Infection rates have accelerated strongly in the past month, with the number of new COVID-19 cases rising by double-digit percentages from last week for several days in a row.

"The epidemic is picking up speed again in Europe, Europe has again become the epicentre of the epidemic," government spokesman Gabriel Attal told reporters.

The seven-day average of daily new infections now stands at more than 6,200, up from less than 4,200 in early October.

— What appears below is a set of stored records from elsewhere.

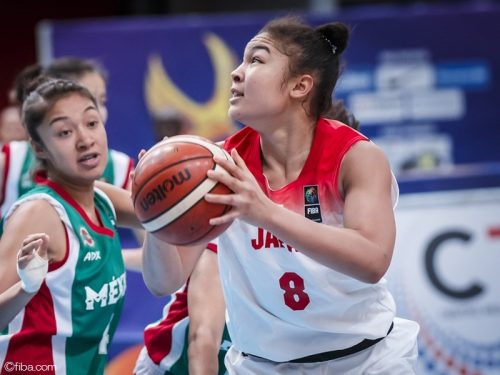 U19女子日本代表がメキシコを下し予選3連勝、決勝ラウンドで韓国と激突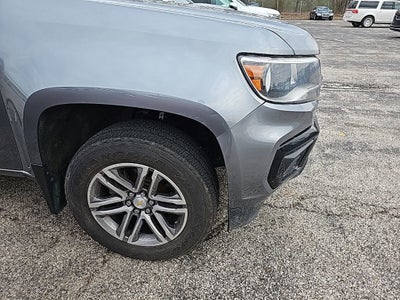 2021 Chevrolet Colorado WT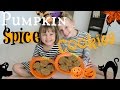 HALLOWEEN Pumpkin &amp; Almond Spice Cookies *GLUTEN FREE* | Fizz Sisters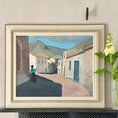 Load image into Gallery viewer, Oil Painting Vintage Mid Century From Sweden By GS Malm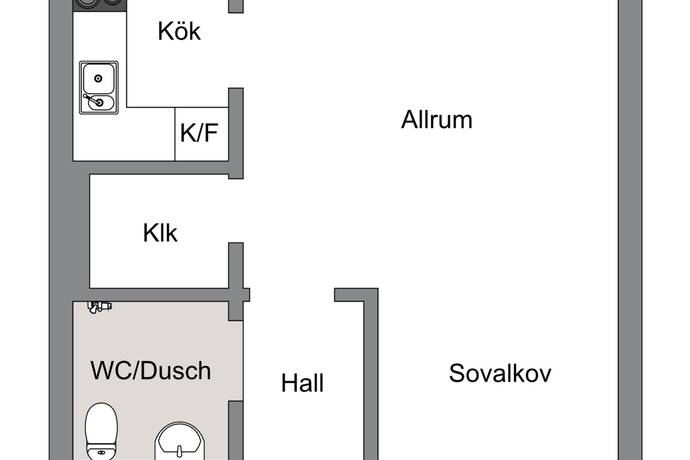 1.5 rum Lägenhet på Bäckvägen 149 Hägerstensåsen Stockholms kommun - bild 21
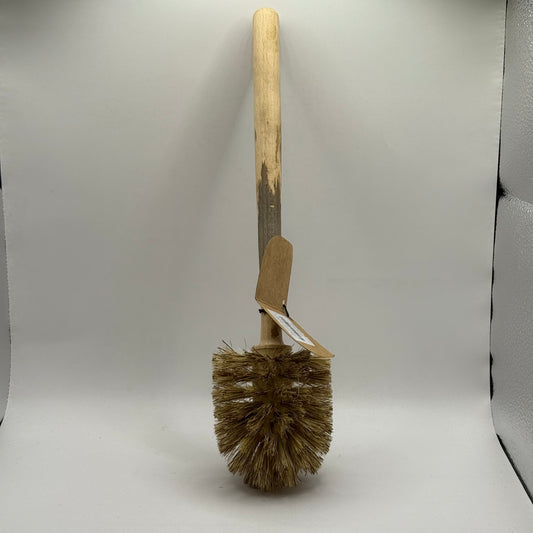 Florence natural fibre toilet brush wooden handle - toilet brushes original photo - what’s new home&living materials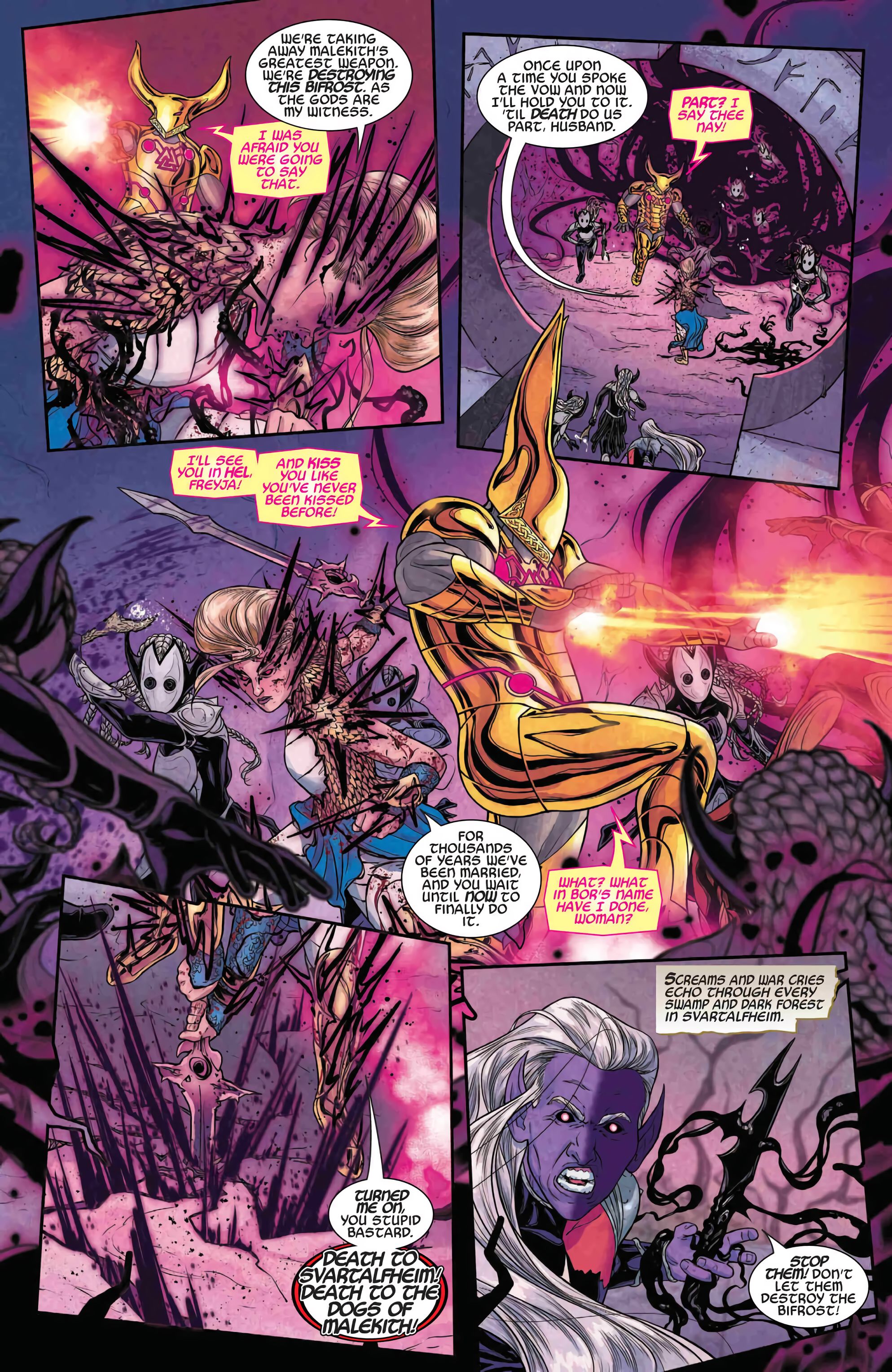 The War of the Realms Omnibus (2022) issue 1 - Page 201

Attal said Macron would review the COVID-19 situation and would also talk about the country's economic recovery, the government's reform programme and other issues. Macron's office said the speech would be on Tuesday.

Macron's last major televised speech was on July 12 at the start of a fourth wave of infections. He announced then that vaccinations would be mandatory for all health workers.

French epidemiologists have recently suggested widening the scope of the vaccine booster campaign to include new categories.

On Wednesday, the government said face masks would again be compulsory from next week for school children in 39 regional departments where infection rates are high.

Prime Minister Jean Castex, meanwhile, said the national incidence rate - the number of new infections per week per 100,000 inhabitants - was now well above the alert level of 50.

"This is not an explosion, but it requires the greatest vigilance. Now is not the time to let our guard down," he said.

The average weekly incidence rate set a 2021 high of 438 in April and then fell below 20 at the end of June following a series of confinement measures.

It rose again to 247 at the peak of the fourth wave in mid-August. After briefly falling below the alert level of 50 in early October, the trend turned again on Oct. 21 and the incidence rate stood at 65 on Thursday.